Clarence Page

Clarence Page

This was a big year. I hit my 20th anniversary as a columnist and editorial board member.

I picked up my gold watch for 30 years of service at the Tribune (interrupted by four years at WBBM-TV), and I celebrated meeting Lisa Johnson of Hyde Park 20 years ago. She is now my wife and the mother of our son, Grady, 15.

Along the way it dawned on me that, to quote a New Yorker cartoon, I'm getting "too old to be the youngest anything." I see this when the eyes of my fellow board members glaze over as I recount some yarn from the old days of Chicago, when newsrooms had typewriters, teletype machines, copy "books" of writing paper with carbon copies and endless shouts for "copy boys."

To quote the old tune by the Grateful Dead, whom I cheerfully interviewed when I was a college student reporter back in the '60s, what a long, strange trip it's been. Forty years have passed since I decided as a high school junior to pursue a career in journalism in the hope that, just maybe, I'd get to be a columnist. Be careful what you ask for, children.

My original dream was to cover movies, pop music or some other aspect of show business.
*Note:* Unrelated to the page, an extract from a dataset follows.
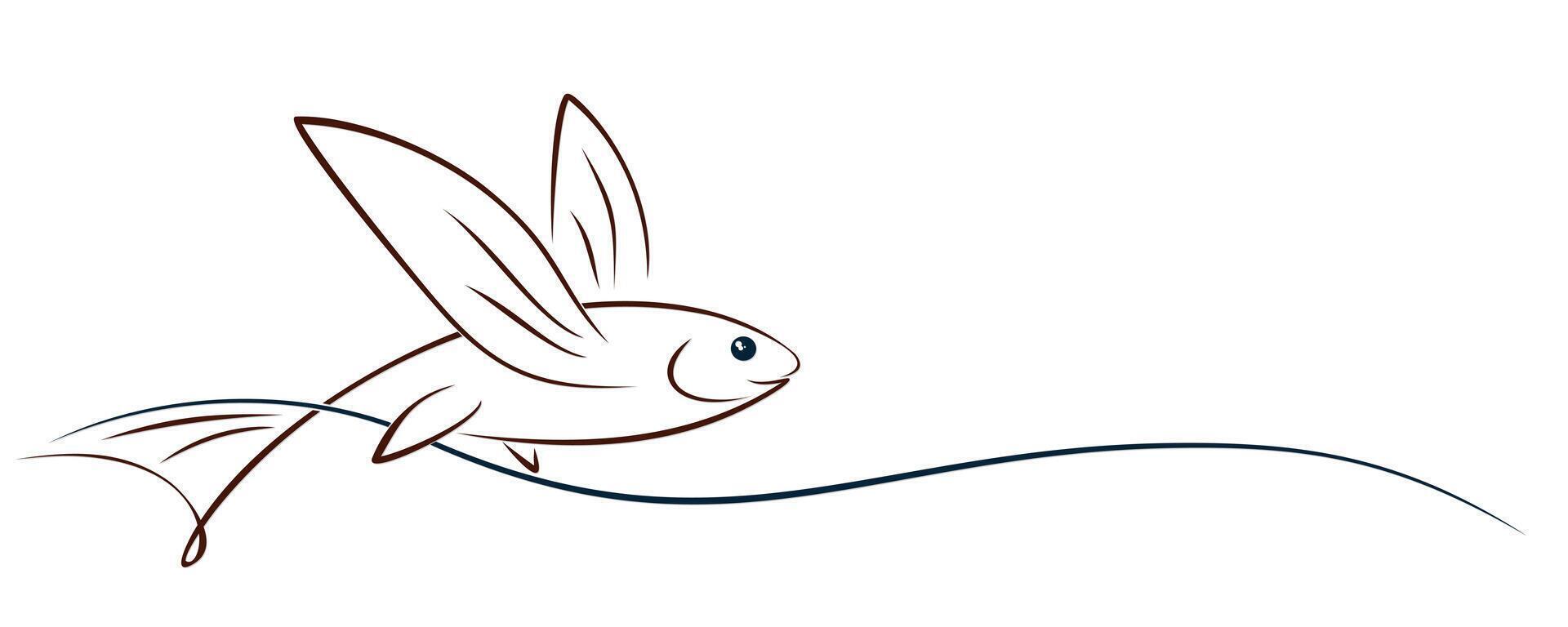 Flying Fish with Wave. vector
Instead my desire to be an eyewitness to history's big stories drew me into urban affairs, race relations, education, housing and inevitably politics, which somebody famously called "show business for ugly people."

I cannot remember a time when I was not intrigued by politics. I'll never forget walking miles as a kid in 1960 to hear Richard Nixon speak from the back of a train in my hometown in southern Ohio. John F. Kennedy came too, but school officials decided not to let the kids out of school that day. It was an early lesson in political one-sidedness.

As a reporter, I tried to be fair and balanced. Now that opinions are my most important product, no one should expect me to be "balanced." I call things as I see them. But I still try to be fair. I can't tell you what to think, but I can strongly suggest things for you to think about.